_TASK BRIEF:_ Please give back, exactly as written, the lines from the line with "Not So Anxious V-Neck Tank • Black" to the line with "Eurocatch Chalumeau Gaz" in the listing below, leaving out all pictures.

_TASK DATA:_
<<<<
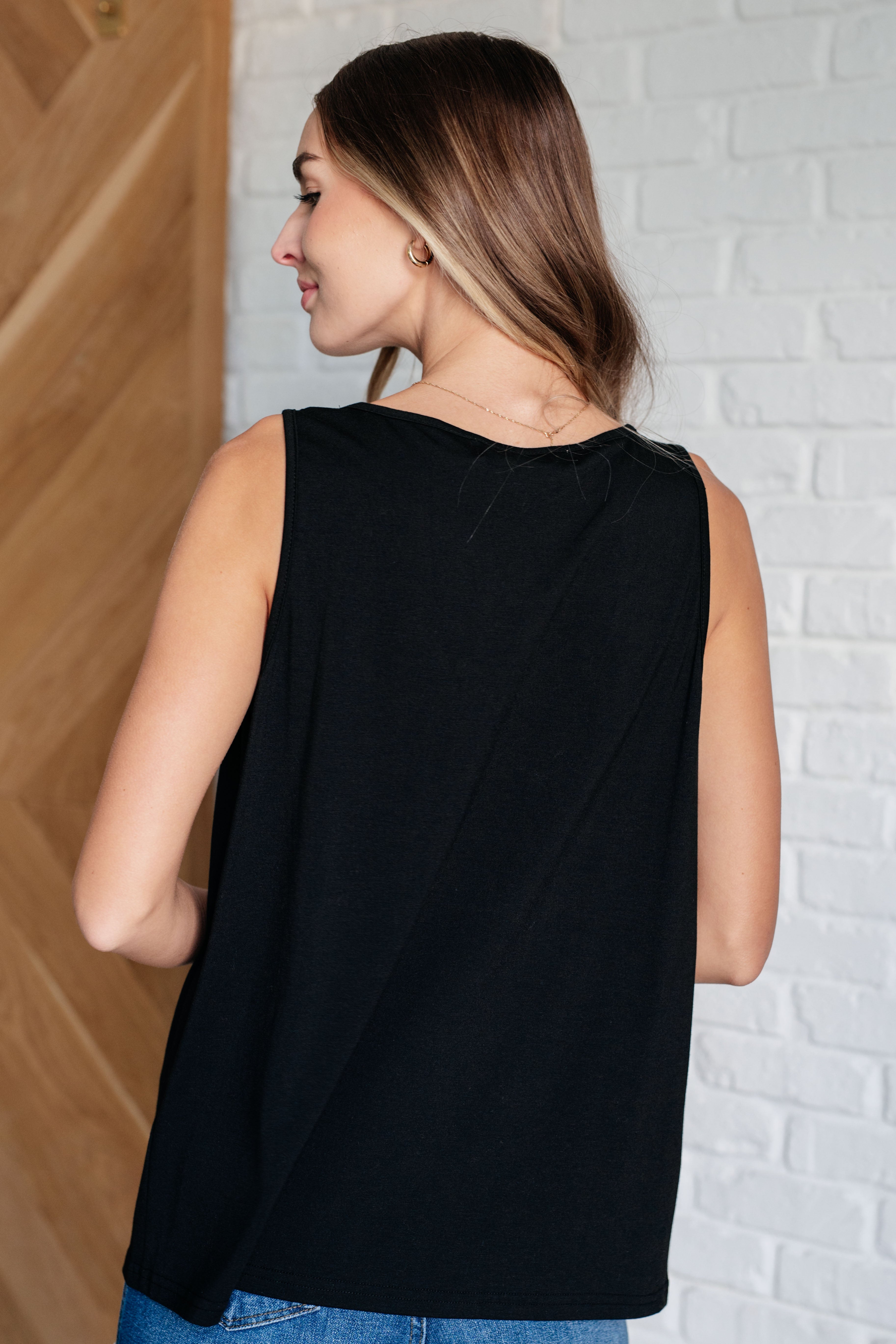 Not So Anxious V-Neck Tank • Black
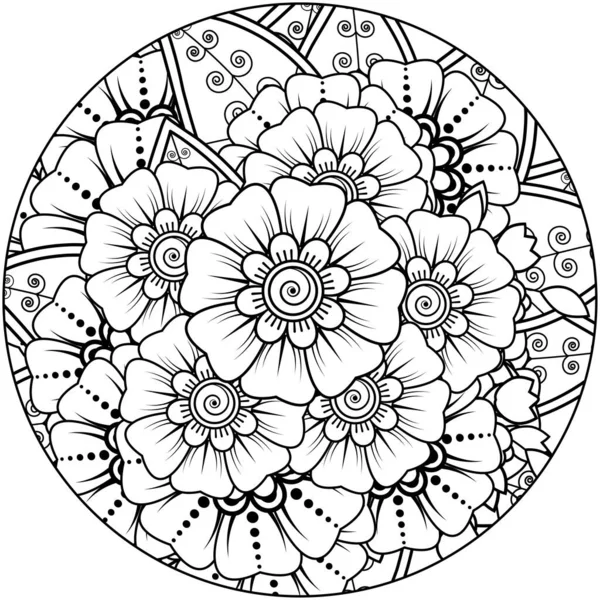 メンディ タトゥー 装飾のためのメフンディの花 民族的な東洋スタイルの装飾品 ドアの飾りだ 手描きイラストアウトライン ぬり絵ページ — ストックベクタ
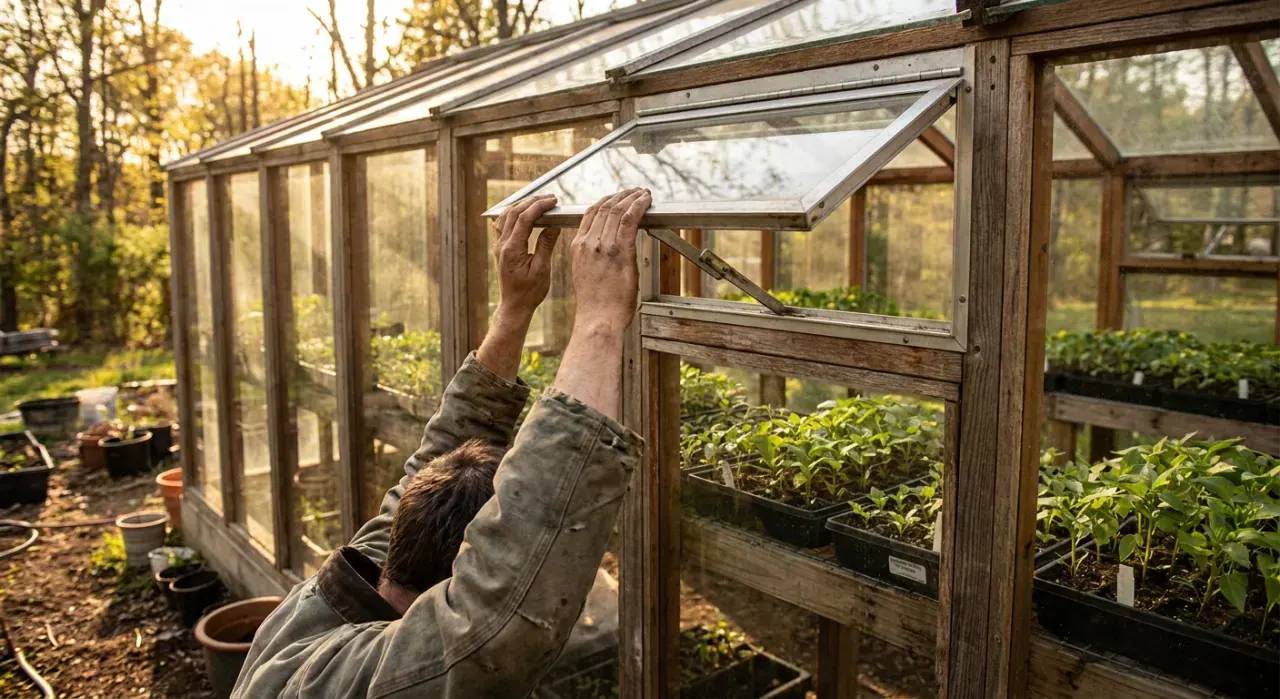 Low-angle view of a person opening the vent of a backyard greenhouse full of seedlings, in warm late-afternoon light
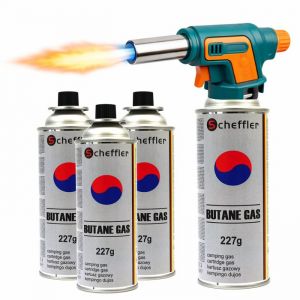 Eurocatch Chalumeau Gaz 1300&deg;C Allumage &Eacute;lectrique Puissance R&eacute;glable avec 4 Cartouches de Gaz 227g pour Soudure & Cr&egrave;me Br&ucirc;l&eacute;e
>>>>
<<<<
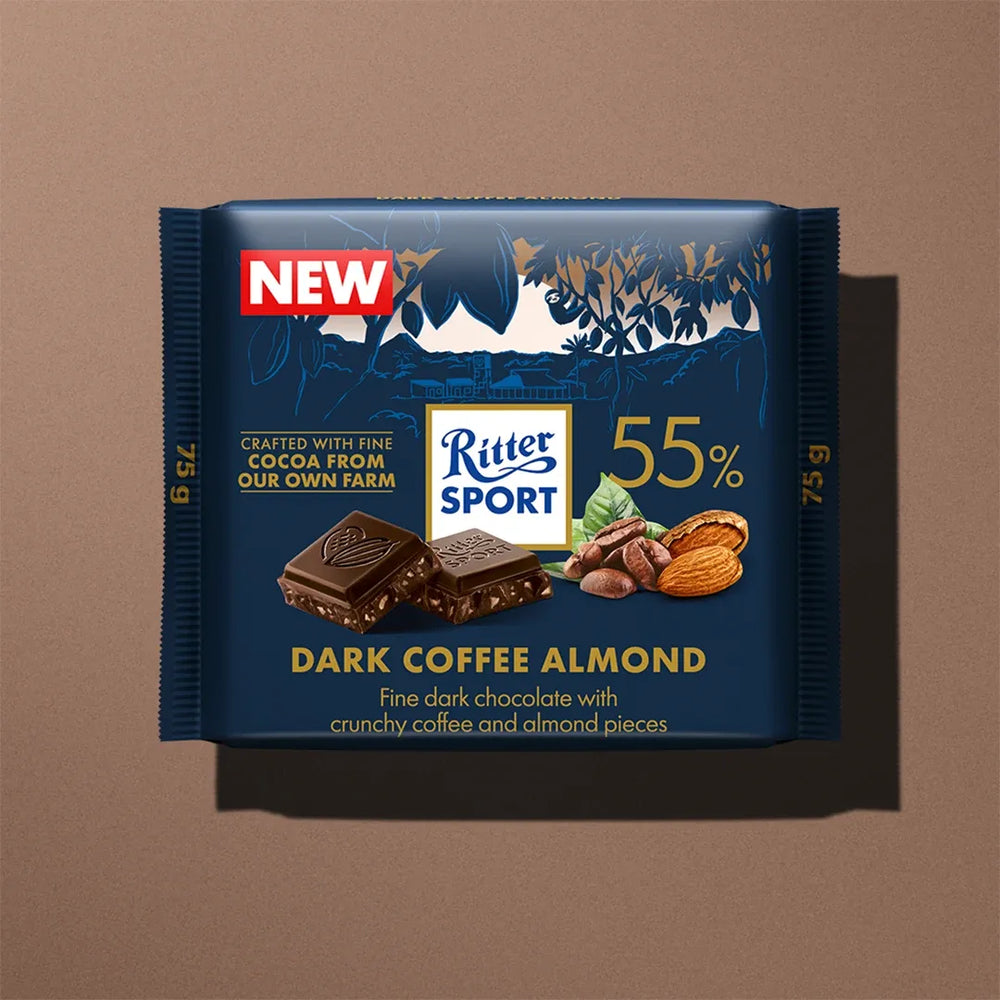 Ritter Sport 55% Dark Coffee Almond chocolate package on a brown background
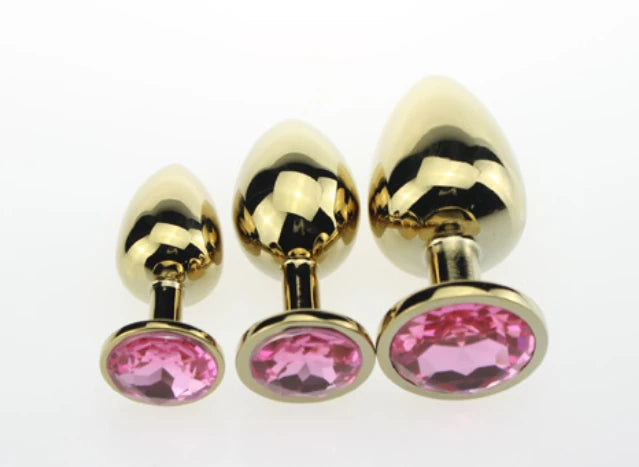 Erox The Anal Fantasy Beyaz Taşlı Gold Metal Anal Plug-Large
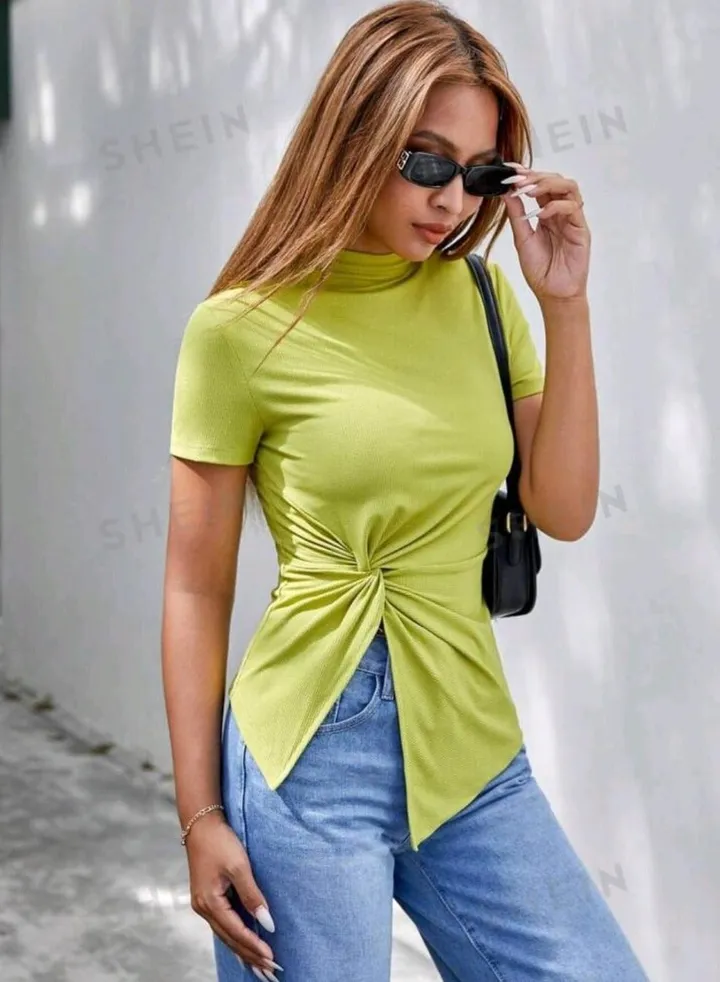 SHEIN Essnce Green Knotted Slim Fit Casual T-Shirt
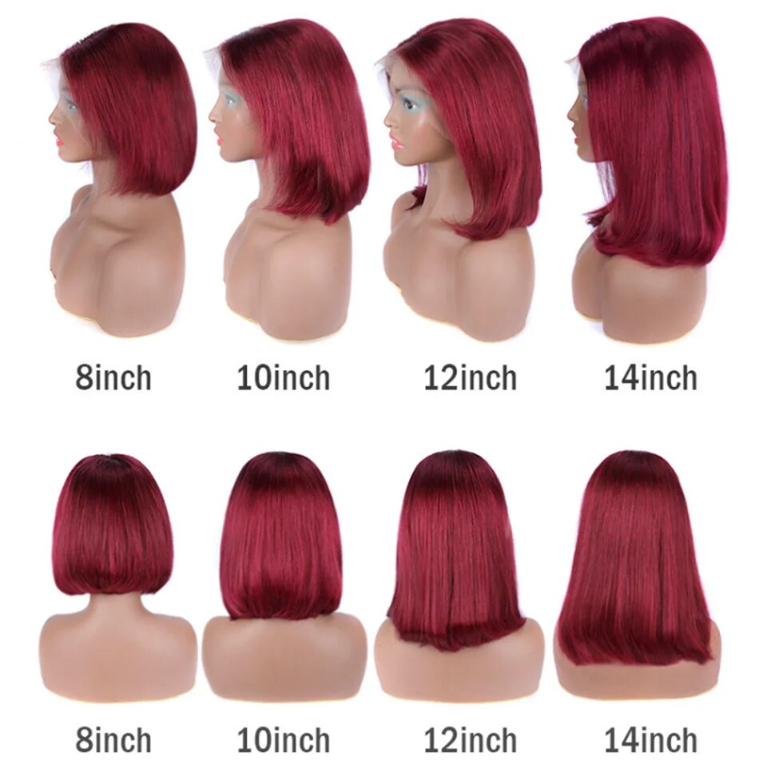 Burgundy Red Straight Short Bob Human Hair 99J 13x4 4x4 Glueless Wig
>>>>
_TASK SOLUTION:_
 Not So Anxious V-Neck Tank • Black
 メンディ タトゥー 装飾のためのメフンディの花 民族的な東洋スタイルの装飾品 ドアの飾りだ 手描きイラストアウトライン ぬり絵ページ — ストックベクタ
 Low-angle view of a person opening the vent of a backyard greenhouse full of seedlings, in warm late-afternoon light
 Eurocatch Chalumeau Gaz 1300&deg;C Allumage &Eacute;lectrique Puissance R&eacute;glable avec 4 Cartouches de Gaz 227g pour Soudure & Cr&egrave;me Br&ucirc;l&eacute;e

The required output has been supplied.